EE Seminar: Loose Ends: The Downsides of Instant Messengers End-to-End-Encryption (E2EE)
הרישום לסמינר יבוצע באמצעות סריקת הברקוד למודל (יש להיכנס לפני כן למודל, לא באמצעות האפליקציה) - )- הרישום מסתיים ב- 13:10
Registration to the seminar will be done by scanning the barcode for the Moodle (Please enter ahead to the Moodle, NOT by application)- Registration ends at 13:10
(The talk will be given in English)
Speaker: Tal Be'ery
Co-Founder and CTO of ZenGo
|
011 hall, Electrical Engineering-Kitot Building |
Monday, June 16th, 2025
13:00 - 14:00
|
|
Loose Ends: The Downsides of Instant Messengers End-to-End-Encryption (E2EE)
Abstract
End-to-End Encryption (E2EE) is widely regarded as a cornerstone of modern Instant Messaging (IM) privacy. By including the server in its threat model, E2EE prevents servers from accessing the content of messages. However, this approach also limits the server's ability to protect honest users on one side of a conversation from malicious actors on the other.
In this talk, we will present our research, which identifies several attack vectors that exploit the "server blindness" introduced by E2EE. These vulnerabilities are particularly relevant in the context of Meta’s WhatsApp, the world’s most popular IM application. We will also propose innovative solutions to address or mitigate these issues.
Our research highlights previously unexplored attack vectors that leverage E2EE-induced server blindness. These include:
Rogue receivers: Exploiting the absence of server buffering to compromise sender privacy at both the transport and application layers.
Rogue senders: Taking advantage of the lack of server oversight to violate receiver privacy and message integrity by delivering different versions of the same message to multiple devices.
We responsibly disclosed our findings to WhatsApp, resulting in several fixes and bounty rewards.
Additionally, we will discuss how WhatsApp’s partial deviation from ideal E2EE—by maintaining some server visibility through metadata—enables it to counter Advanced Persistent Threat (APT) zero-day exploits.
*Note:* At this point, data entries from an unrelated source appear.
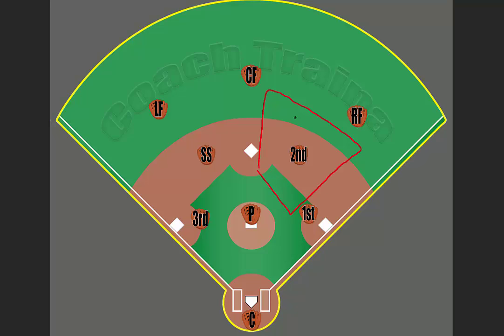The second baseman also includes not only going after the ball if it's within their area, but also covering either second base or possibly first base. Because if there is a ball hit in this area and the first baseman breaks to try to get that, the second baseman needs to come and make sure that they cover the base so that we have an opportunity to get the runner out.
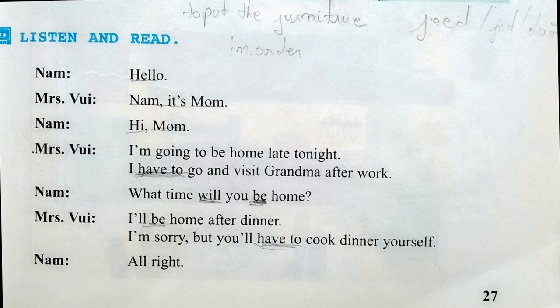I'm going to be home late tonight. I have to go and visit Grandma after work. What time will you be home? I'll be home after dinner. I'm sorry, but you'll have to cook dinner yourself. Alright.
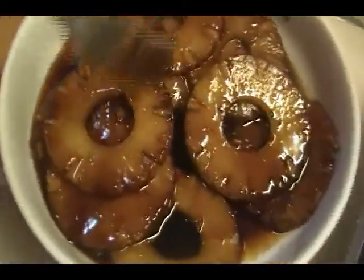There's our caramelized pineapple. I did the whole can and then I reduced the sauce just a little bit so it's nice and thick. You can put it on top of your ham.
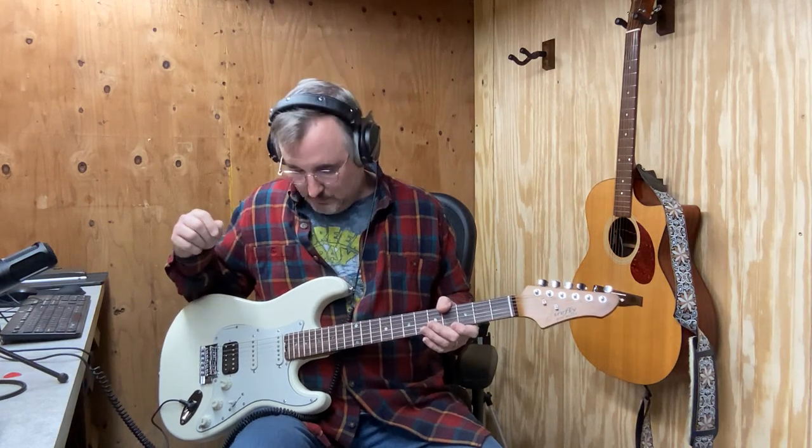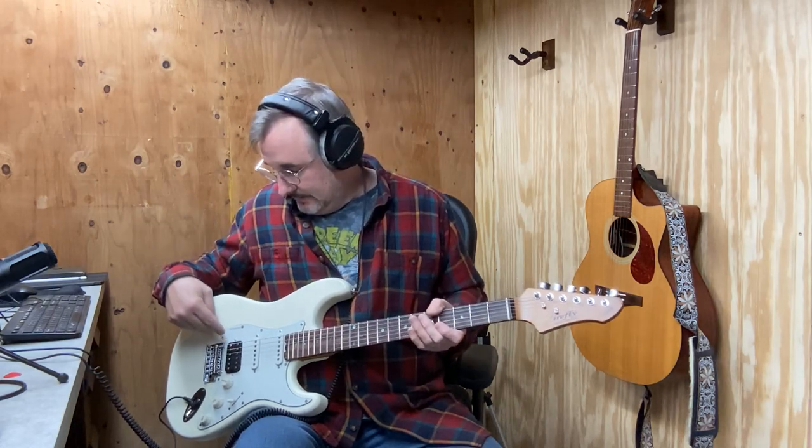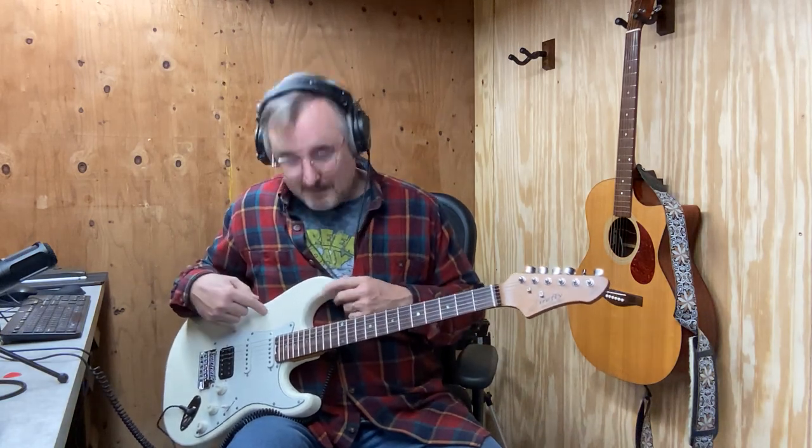Really nice guitar, sounds really great, very affordable. I like the fact that it's a solid ash body — roasted body and roasted neck — I think it's got a real rich sound to it. The pickups are good; those are El Niko pickups with staggered pole pieces. The humbucker sounds really nice. I don't think you can go wrong for the money. This is the Firefly FF-STL Pure Series — we got it for about $130 plus shipping. Check it out — there will be details in the description. Thanks for tuning in, we'll see you next time.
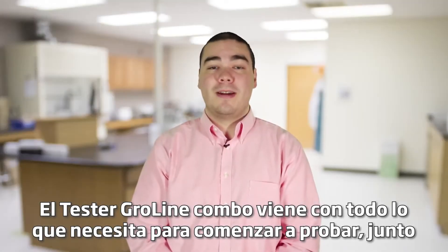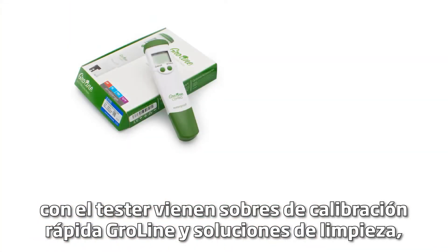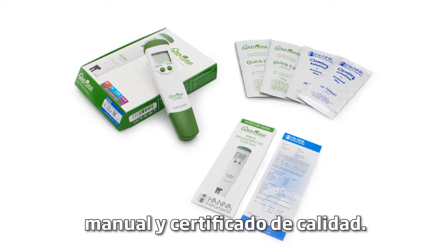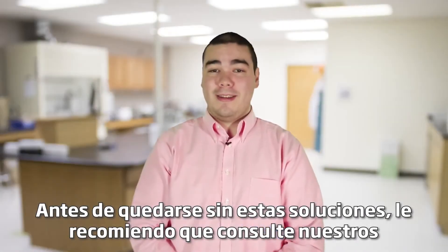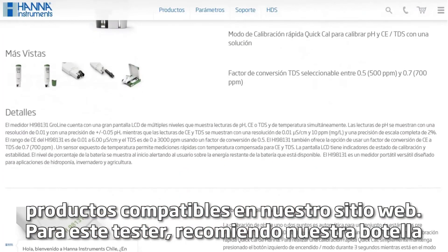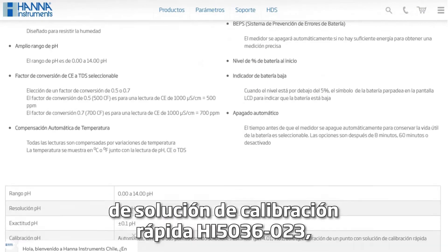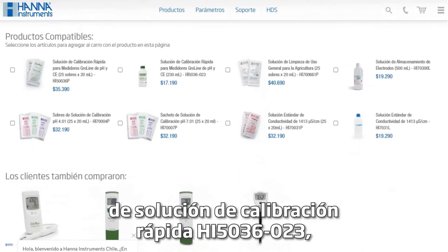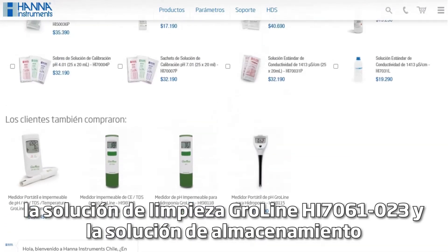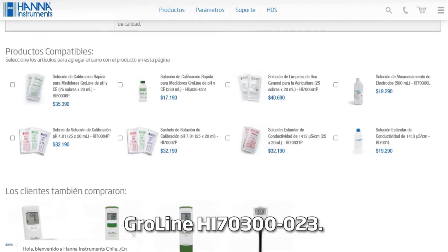The GroLine combo tester comes with everything you need to begin testing. Along with the tester comes our GroLine quick calibration and cleaning solution packets, manual, and quality certificate. Before running out of these solutions, I recommend you check out our compatible products on our website. For this tester I recommend our HI5036-023 bottle of quick calibration solution, the HI7061-023 GroLine cleaning solution, and the HI70300-023 GroLine storage solution.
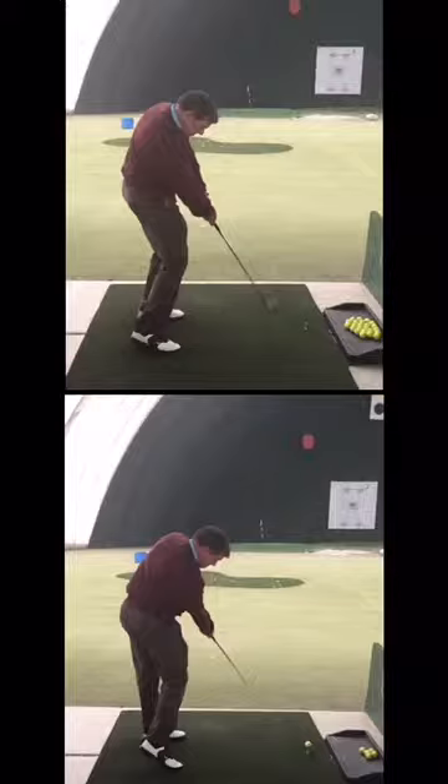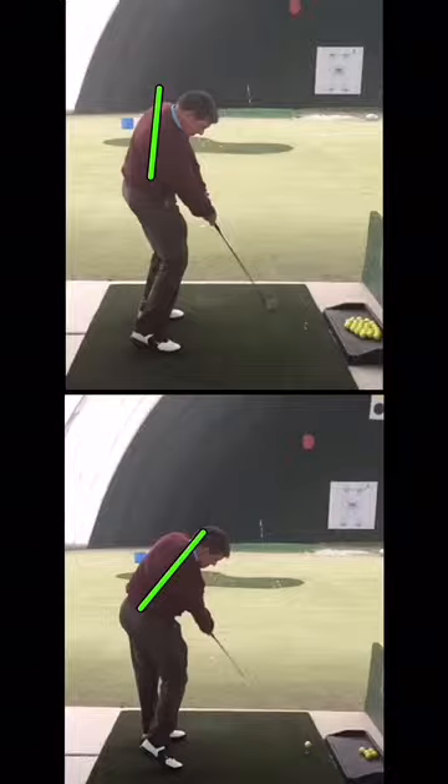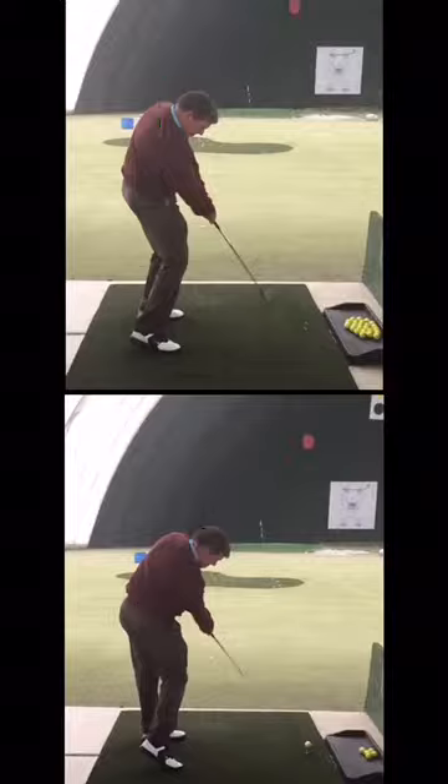Not only do you stay more over the ball and keep your spine tilt with the punch shot, look at the difference there. But you get your hip more open and your arms get more in front of your body. So there's a lot of good things.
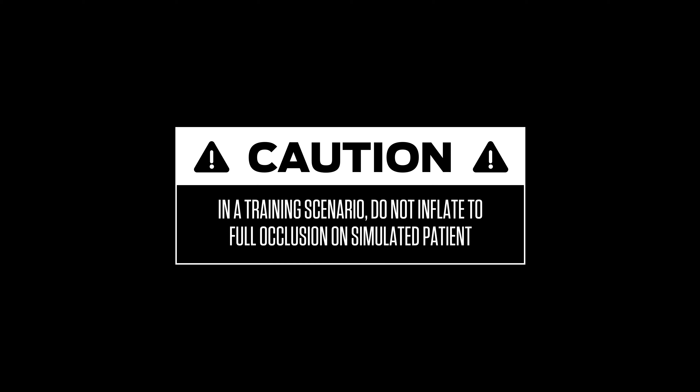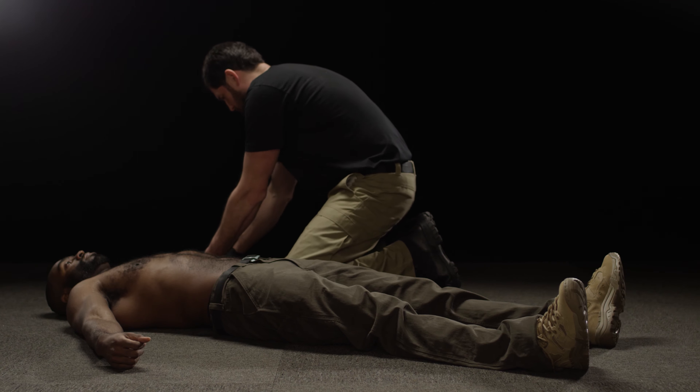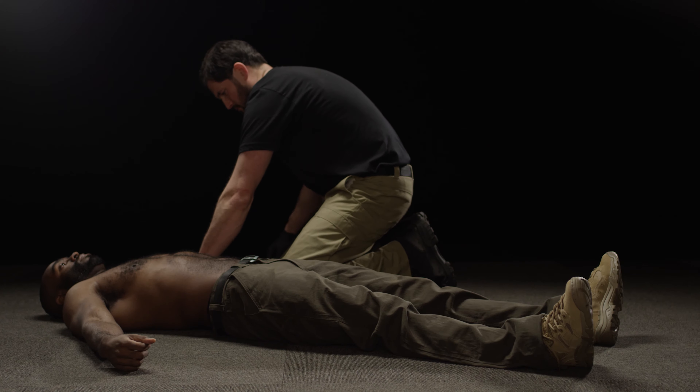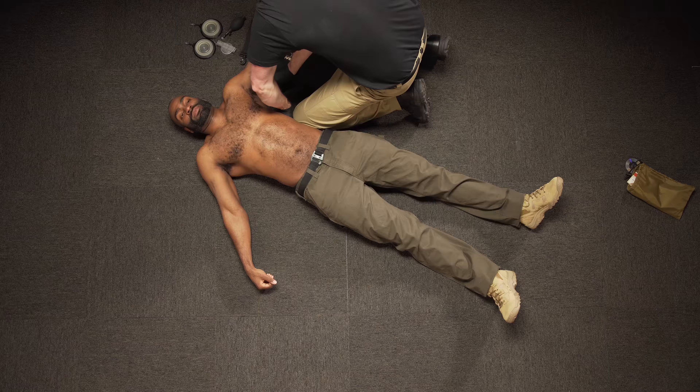In a training scenario, do not inflate to full occlusion on a simulated patient. The SJT is used to control hemorrhage in the upper arm or axilla when an ordinary tourniquet cannot be used. Before applying the SJT, your patient must first be exposed to the extent that is appropriate for the given situation.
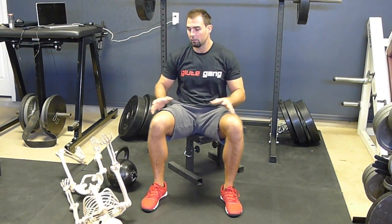I hope you liked the video on lumbopelvic hip complex biomechanics. Thank you very much for watching.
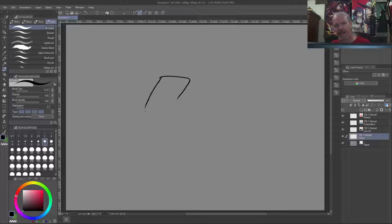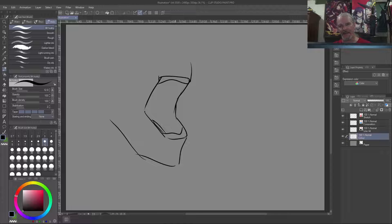Today I want to talk about mouths. The mouth basically consists of a few simple parts. You've got the lips on the outside, then you've got the top teeth and the bottom teeth, then you've got a tongue, and you've got the inner cheek right there.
To further enhance security, we propose a metadata-based defensive approach at the application layer and a novel extension to Signal’s E2EE Sesame pro.
Short Bio
Tal Be'ery is the Co-Founder and CTO of ZenGo, securing crypto assets with the ZenGo Wallet mobile app. Tal is a cyber-security researcher, returning speaker in the industry's most prestigious events, including Black Hat and RSAC and a member of Facebook's exclusive WhiteHat list. For the last two decades, Tal had built and led a few Cyber-Security R&D teams, mostly in the field of network monitoring solving various security problems. Previously, Tal has led research for Aorato (acquired by Microsoft) as VP for Research. Tal holds M.Sc. and B.Sc degrees in CSEE from TAU and a CISSP certification.